Esta plaga se distingue por su rápido ciclo de reproducción y su alta capacidad de dispersión, lo que dificulta su control en los campos. Henry Luis Vargas, técnico de campo, manifestó que los agricultores deben prestar especial atención durante los primeros estadios del cultivo, ya que una infestación temprana puede comprometer la productividad total y generar impactos económicos considerables en la región.
“El manejo efectivo del gusano telarañero requiere una estrategia integrada, que combine monitoreo constante, control biológico, prácticas culturales y, en casos necesarios, aplicaciones químicas dirigidas y oportunas.
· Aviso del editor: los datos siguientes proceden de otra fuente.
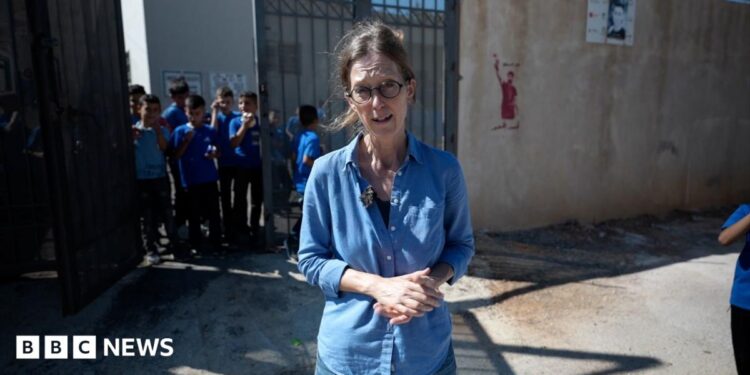 Lucy Williamson in front of children in school uniform.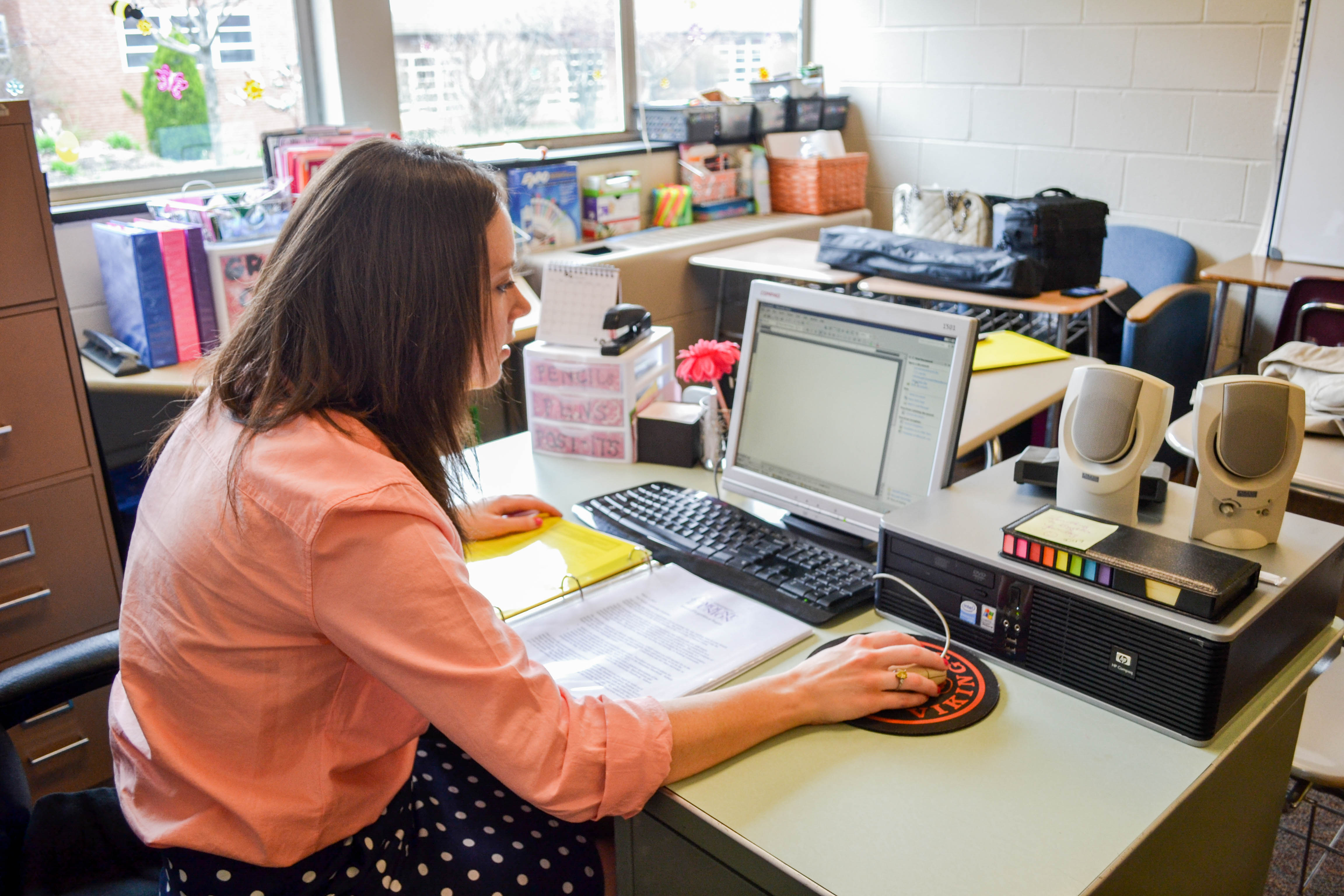 teacher working in classroom on computer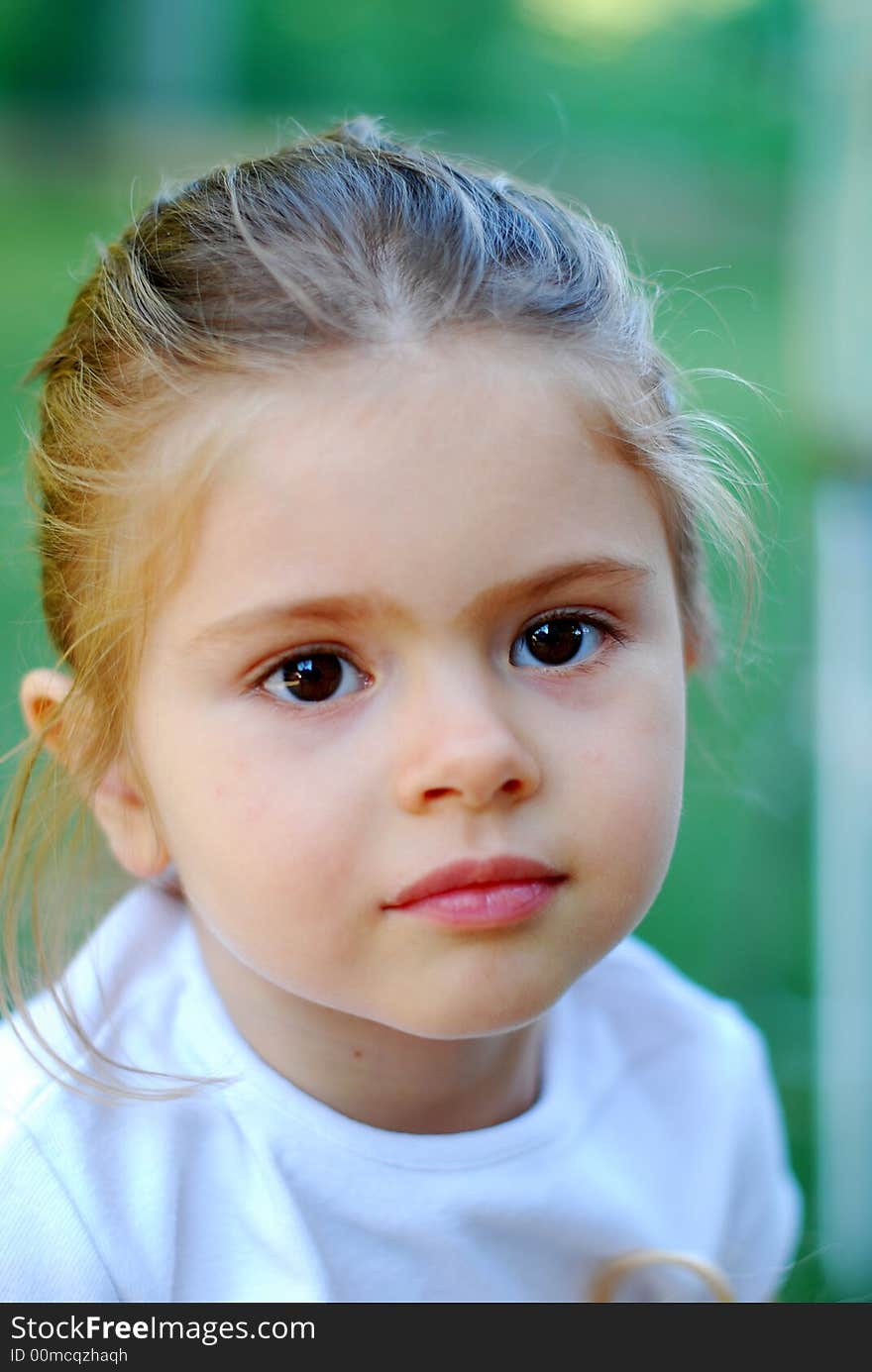 Beautiful young girl with face expression, vertical portrat. Beautiful young girl with face expression, vertical portrat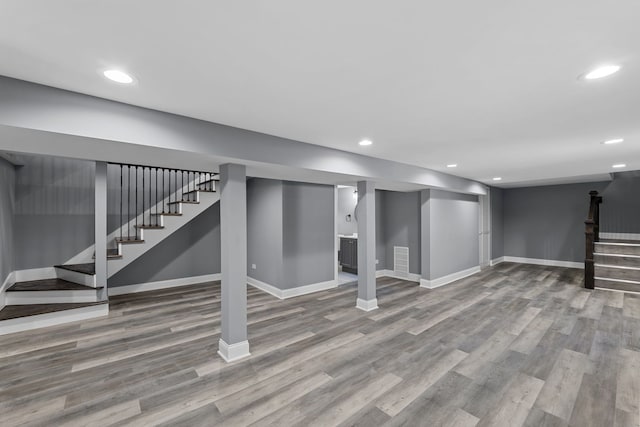 basement with wood-type flooring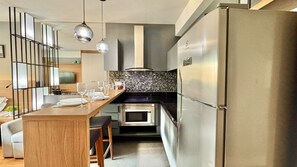 Fridge, microwave, stovetop, coffee/tea maker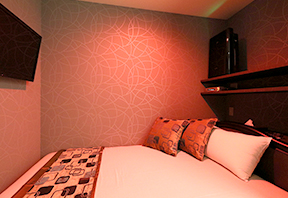 Bed with cushions and a wall-mounted TV in a softly lit room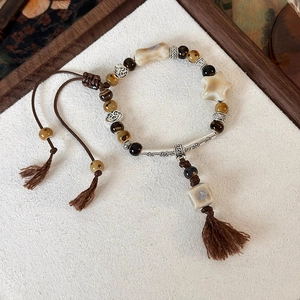 Dettaglio del bracciale con perline a stella in ceramica, occhio di tigre e cordino intrecciato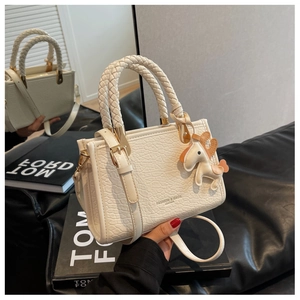 Detail of off-white crocodile embossed bucket bag with woven handle and gold hardware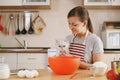 Young beautiful woman is cooking in the kitchen. Royalty Free Stock Photo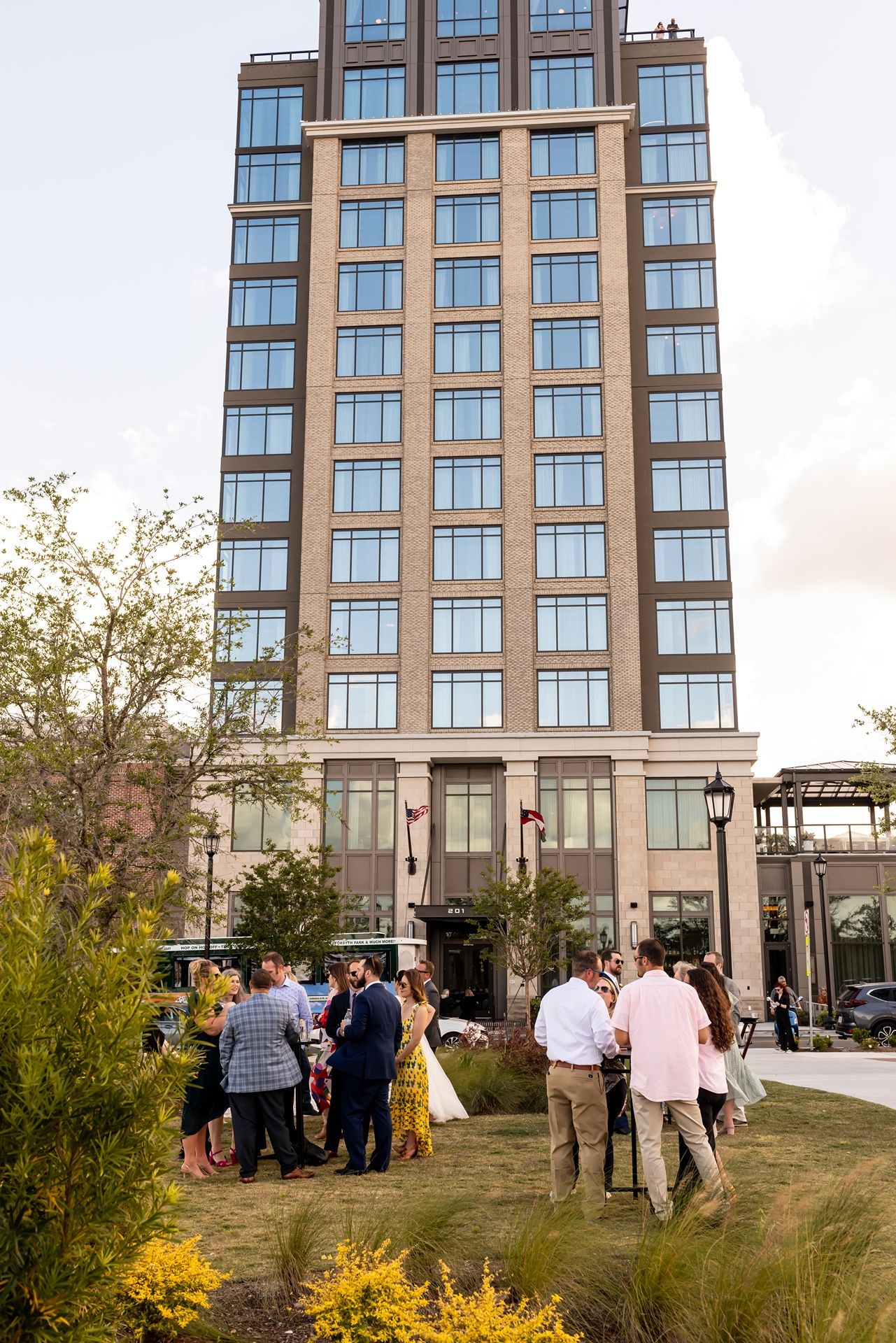 Hotel exterior with guests gathering outside modern high-rise building surrounded by landscaped gardens.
Identificar la presencia de esta plaga de manera temprana es crucial para minimizar daños y proteger la inversión de los productores en sorgo”, afirmó Vargas.
Plaga clásica pero subestimada
Según el técnico, “estas plagas ya son clásicas, si podemos decir que el gusano telarañero es un poquito más clásico, pero no se lo ha tomado mucho en cuenta y genera un daño y la disminución de los rindes en el cultivo de sorgo, eso debido a un mal manejo y un mal monitoreo”.
Vargas destacó la importancia del monitoreo del cultivo, ya que el ataque del gusano telarañero suele coincidir con el desarrollo de la panoja en estado lechoso a masoso. “Si se realiza un buen manejo en estado lechoso a masoso prácticamente el gusano telarañero no genera mucho daño en el ciclo final del cultivo de sorgo”, señaló.

“Estas plagas ya son clásicas, si podemos decir que el gusano telarañero es un poquito más clásico, pero no se lo ha tomado mucho en cuenta y genera un daño y la disminución de los rindes en el cultivo de sorgo, eso debido a un mal manejo y un mal monitoreo”

El técnico explicó que las evaluaciones realizadas una o dos semanas antes de la cosecha permiten identificar la presencia de la plaga.
“Cuando nosotros estamos en un cultivo ya definido listo para cosechar, entre una a dos semanas antes, entramos a parcelas y hacemos una evolución sobre este tipo de plaga que es el gusano telarañero y observamos que está por panoja entre 10 a 12 gusanos por panoja y eso lamentablemente influye bastante en el tema de bajos rendimientos en el cultivo de sorgo teniendo en cuenta el porte y las características del material del híbrido de sorgo”.
Factores que favorecen su aparición
La aparición del gusano telarañero en la pasada campaña en los cultivos de sorgo se relaciona directamente con las condiciones climáticas. Según Vargas, “una campaña bastante seca provocó que algunos agricultores no pudieran realizar aplicaciones adicionales por tema de costo”, lo que favoreció la proliferación de la plaga.
En conclusión, el gusano telarañero sigue siendo una amenaza latente para los productores de sorgo en Bolivia. La clave para reducir sus efectos radica en monitoreos tempranos, manejo oportuno y estrategias integradas que permitan proteger los rendimientos y garantizar la rentabilidad de los cultivos.